Ainda a partir dos anos 60, a obra de Genovés começa a concentrar-se em dois temas principais: "o indivíduo solitário" e "a multidão". A memória traumática de multidões correndo para abrigos que testemunhou ainda criança em Valência durante a Guerra Civil Espanhola incidentalmente informariam o seu trabalho. Punto de Mira (1966) e Objetivo (1970) são exemplos de obras em que o artista explorou representações de multidões em visão panorâmica para criar paisagens formadas por pessoas em movimento, utilizando cores planas e com o recurso a uma estrutura plástica de aspeto cinematográfico.
Após a queda do regime franquista em 1975, o seu estilo evoluiu para aquele pelo qual é mais conhecido atualmente. No seu trabalho posterior, as composições tornaram-se menos existenciais em tom, mas ainda lançam um olhar crítico sobre a tensão que surge nas hordas de pessoas, em telas como Barrera (2009) e Dilatado (2012).
Representando a relação entre o indivíduo e as massas, as suas pinturas aéreas não oferecem qualquer contexto para um lugar específico, como edifícios, estradas ou árvores. Ao elevar a perspetiva dos espetadores, o artista concede-nos liberdade para interpretar o seu mundo. Enquanto as suas figuras parecem suspensas em movimento, cada uma sendo ancorada pela sua própria sombra, o modo como a tinta acrílica que utiliza é aplicada – de forma espessa, projetando-se para além das superfícies das suas telas – concede aos seus quadros um ímpeto de energia e intensidade, o que ainda se amplifica pela adição de linhas aleatórias, respingos de tinta, miçangas e outros pequenos objetos coletados pelo artista.

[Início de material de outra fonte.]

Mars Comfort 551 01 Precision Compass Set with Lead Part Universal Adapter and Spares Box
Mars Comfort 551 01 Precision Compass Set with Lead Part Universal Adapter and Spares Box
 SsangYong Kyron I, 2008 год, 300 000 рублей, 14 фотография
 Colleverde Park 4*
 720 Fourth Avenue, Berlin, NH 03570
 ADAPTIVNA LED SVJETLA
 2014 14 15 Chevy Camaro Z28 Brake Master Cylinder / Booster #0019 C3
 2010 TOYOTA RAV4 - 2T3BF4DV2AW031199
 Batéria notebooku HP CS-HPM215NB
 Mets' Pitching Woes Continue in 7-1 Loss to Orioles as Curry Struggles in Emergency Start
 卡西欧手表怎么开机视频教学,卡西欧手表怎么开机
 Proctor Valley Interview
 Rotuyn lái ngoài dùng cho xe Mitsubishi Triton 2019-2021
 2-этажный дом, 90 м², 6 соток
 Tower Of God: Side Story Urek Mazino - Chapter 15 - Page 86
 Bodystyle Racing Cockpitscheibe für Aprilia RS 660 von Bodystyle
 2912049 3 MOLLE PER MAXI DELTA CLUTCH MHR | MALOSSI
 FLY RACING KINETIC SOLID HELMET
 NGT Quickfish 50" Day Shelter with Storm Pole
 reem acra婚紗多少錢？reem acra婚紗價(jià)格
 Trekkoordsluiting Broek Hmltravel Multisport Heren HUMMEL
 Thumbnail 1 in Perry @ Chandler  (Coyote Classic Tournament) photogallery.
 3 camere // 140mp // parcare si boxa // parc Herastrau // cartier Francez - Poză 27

Nos seus últimos anos de produção artística, dedicou-se a investigar o movimento na pintura estática. A multidão torna-se um ponto de partida para um diálogo sobre os desafios da representação plástica do ritmo visual. Juan Genovés, que acreditava que "o criador encontra-se num espaço de solidão introspetiva, mas posicionado no coração do movimento social, nesse lugar onde as tensões ganham forma, onde se cristalizam e onde se convertem num símbolo ou num emblema", faleceu em maio de 2020 em Madrid, alguns dias antes de completar 90 anos. Sin Firmar (2020), o último quadro que pintou – que assim permanece, sem assinatura, porque faleceu antes de poder fazê-lo – será agora, pela primeira vez, apresentado numa exposição.